My biggest challenge was finding the right narrator. It seemed like there were a million options and none of them fit just right.
Donald Maas says in his brilliant book Writing the Breakout Novel that the narrator should be the person who changes the most. Orson Scott Card says it should be the person who hurts the most. Problem is, all my characters do a lot of changing and hurting, so their advice isn't really helpful for me personally.
A friend of mine said I should flip a coin. By that time I was so fed up with my dilemma that I decided leaving it to chance was the only option.
I got a hat and wrote the options on pieces of paper. Right as I was about to pick one out, I looked through my notes one last time to see if I could glean any last-minute inspiration. I happened upon the Conflict/Tension section.
This is what I read:
Main Conflict: Can Marie make a difference for good?
-
Mini-goals: help others
o physically,
emotionally, and spiritually
-
This entails:
o Raising
children
o Caring
for the sick
o Bringing
people to the Catholic Church
o Being
a voodoo leader/practitioner
o Giving
advice
Issues:
-
Her children keep dying
-
She loses confidence because of her lost
children and failed marriage
-
Racial and religious persecution (laws,
treatment)
-
People fear and hate her
-
Her own mortality (needs to leave a queen in her
place)
-
She’s fighting against death itself and doesn’t
always win
-
Charlatans are hurting people with their false
claims.
Public Stakes: Depict New Orleans African American culture at its most beautiful
and ask, can Marie save all of this?
Notice anything interesting? All the conflict revolves around one person. Every other character has struggles, but they'll all subplots, and the conflict in those subplots all affect my main character: Marie Laveau.
It didn't make any sense for the narrator to be one of Marie's daughters, or her grandmother, or even for her to share the spotlight with any of those people. VOODOO QUEEN is her story, and no one else ought to tell it.

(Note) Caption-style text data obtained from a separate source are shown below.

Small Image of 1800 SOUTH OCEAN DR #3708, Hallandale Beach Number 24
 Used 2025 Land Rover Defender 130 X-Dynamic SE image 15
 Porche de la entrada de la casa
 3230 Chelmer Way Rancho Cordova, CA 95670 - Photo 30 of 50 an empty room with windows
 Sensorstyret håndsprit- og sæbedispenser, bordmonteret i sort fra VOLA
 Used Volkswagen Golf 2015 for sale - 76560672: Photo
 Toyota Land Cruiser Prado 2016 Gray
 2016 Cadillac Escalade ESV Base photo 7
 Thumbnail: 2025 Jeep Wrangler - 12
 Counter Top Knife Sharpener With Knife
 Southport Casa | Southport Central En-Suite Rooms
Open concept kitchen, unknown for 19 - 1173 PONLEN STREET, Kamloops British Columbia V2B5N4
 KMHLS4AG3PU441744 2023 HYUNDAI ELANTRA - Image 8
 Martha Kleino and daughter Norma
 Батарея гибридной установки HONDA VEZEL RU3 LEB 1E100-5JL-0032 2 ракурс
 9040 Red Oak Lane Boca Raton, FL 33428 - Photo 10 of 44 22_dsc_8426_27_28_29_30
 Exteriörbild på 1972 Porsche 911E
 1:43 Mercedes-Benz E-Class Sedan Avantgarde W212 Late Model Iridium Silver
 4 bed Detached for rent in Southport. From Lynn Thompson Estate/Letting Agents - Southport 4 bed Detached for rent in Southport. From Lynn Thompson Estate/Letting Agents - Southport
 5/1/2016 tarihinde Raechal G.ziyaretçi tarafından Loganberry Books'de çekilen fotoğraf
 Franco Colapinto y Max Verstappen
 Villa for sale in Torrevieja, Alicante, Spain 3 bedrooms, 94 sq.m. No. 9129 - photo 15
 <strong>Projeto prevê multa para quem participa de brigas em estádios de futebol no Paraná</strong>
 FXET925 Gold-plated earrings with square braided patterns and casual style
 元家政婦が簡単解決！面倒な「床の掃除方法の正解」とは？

When Maass says the narrator should change the most and Card says the narrator should hurt the most, they're both saying the same thing in different ways; the action should revolve around your main character. He/she should be in the center or not just the story, but the purpose of the story.
In the end, I chose my narrator by asking myself two questions:
- What is this story trying to accomplish?
- Which character can best accomplish this?
I had wanted to do something unprecedented with my book, but in the end, that wasn't the best way to tell it. Plain old third-person single POV will be the best thing for my story, and that's what I'm going to do.